How to Learn Control Theory

Learn to derive mathematical models of physical systems (mechanical, electrical, electromechanical) from first principles using Newton's laws, Kirchhoff's laws, and energy methods. Practice converting between differential equation, transfer function, and state-space representations.

Analyze system behavior using step response, impulse response, and transient response characteristics. Study first- and second-order system dynamics, including rise time, settling time, overshoot, and steady-state error.

Master stability criteria including the Routh-Hurwitz criterion for algebraic stability testing, and develop intuition for how pole locations in the complex plane relate to stable, unstable, and marginally stable behavior.

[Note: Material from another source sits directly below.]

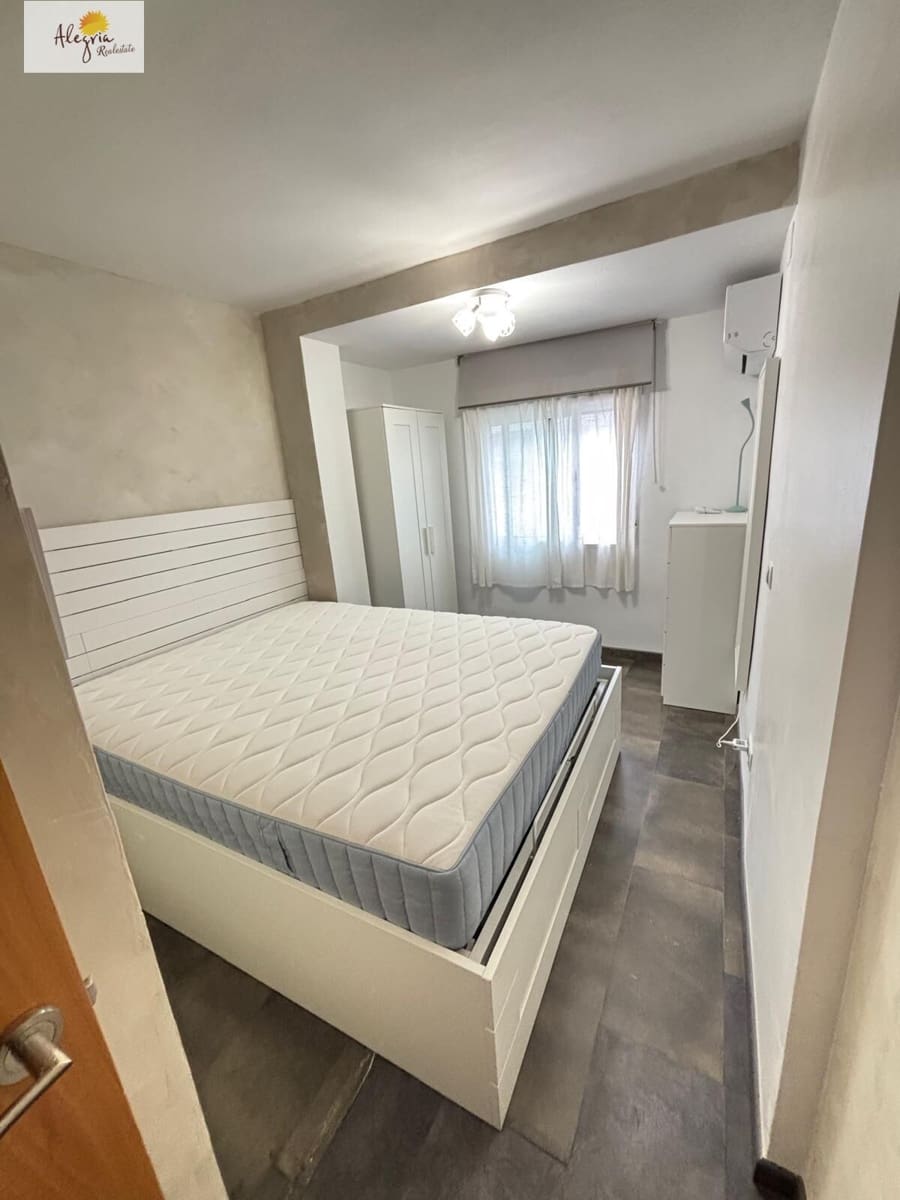 Apartamento de 3 habitaciones en València ciudad en alquiler con garaje - 1.700 € (Ref: 10089747)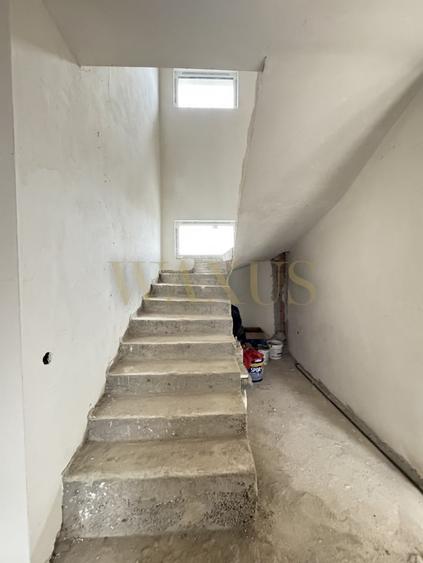 Triplex, 4 camere decomandate, P+1ET, 120 mp, curte 40 mp, 2 parcari, Urusagului - 10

Learn the root locus method for visualizing how closed-loop poles move with gain. Design lead, lag, and PID compensators to meet transient and steady-state performance specifications.

Study frequency response methods including Bode plots, Nyquist diagrams, and the Nyquist stability criterion. Learn to assess gain margin, phase margin, and bandwidth, and design compensators in the frequency domain.

Transition to modern control theory using state-space representations. Study controllability, observability, state feedback, pole placement, and observer design. Introduce the Linear-Quadratic Regulator and Kalman filter.

Explore advanced areas such as nonlinear control and Lyapunov methods, robust control (H-infinity), adaptive control, digital control systems, and real-world applications in robotics, aerospace, and process control.